Inspiration

Proteins are molecular machines that perform various functions in the body. A protein's function is dictated by its structure. In some cases, it is useful to inhibit a protein's function in a patient's body. One way to inhibit a protein is to take a small-molecule drug that fits perfectly in the protein's pocket. However, many target proteins do not yet have a known drug inhibitor. There is existing research (https://arxiv.org/pdf/2303.03543) on advanced ML methods for generating drugs from scratch to bind specifically to the target protein. However, they are still seen as ineffective, partially due to sample-inefficient learning.

What it does

We designed and trained a Flow-Matching Model to generate small-molecule drugs that fit perfectly in the target protein pocket. We also created a website where researchers can upload a target protein of their choice, generate dozens of candidate molecules, visualize them, and analyze them across several evaluation metrics compared to a baseline.

How We Built It

We heavily relied on AI-use to speed up development. We first designed the neural network to improve upon recent research. We trained it and ran inference on a few test-set proteins, and set up the data pipeline for the frontend to read from, then implemented the frontend.

Challenges We Ran Into

Our GPU resource, Hipergator, faced an outage mid-hackathon, hindering our thorough evaluation on the entire test set. Luckily we were able to get just enough final predictions.

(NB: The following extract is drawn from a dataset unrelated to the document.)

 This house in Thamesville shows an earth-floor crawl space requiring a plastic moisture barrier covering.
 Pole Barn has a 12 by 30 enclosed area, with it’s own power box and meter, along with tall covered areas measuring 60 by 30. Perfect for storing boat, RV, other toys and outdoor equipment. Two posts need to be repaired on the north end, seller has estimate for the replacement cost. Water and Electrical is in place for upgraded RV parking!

Accomplishments We’re Proud Of

We are proud of implementing Flow-Matching to create a faster, more sample-efficient model than recent popular models such as TargetDiff (2023). We are also very proud of our intuitive UI, the beautiful rendering of the molecular complex, the flow animation, and the metrics comparison.

What We Learned

We learned just how more efficient flow-matching is than diffusion, and we refined our AI-use software development workflow to be more efficient.

What’s Next for 蛋白质结合

Our current model’s training objective is to generate ligands that look like the ones in the training set; a natural next step is to formulate a Reinforcement Learning reward function to finetune our pretrained model on. This will allow us to optimize our model to specifically generate the strongest binders possible, while maintaining realistic chemistry.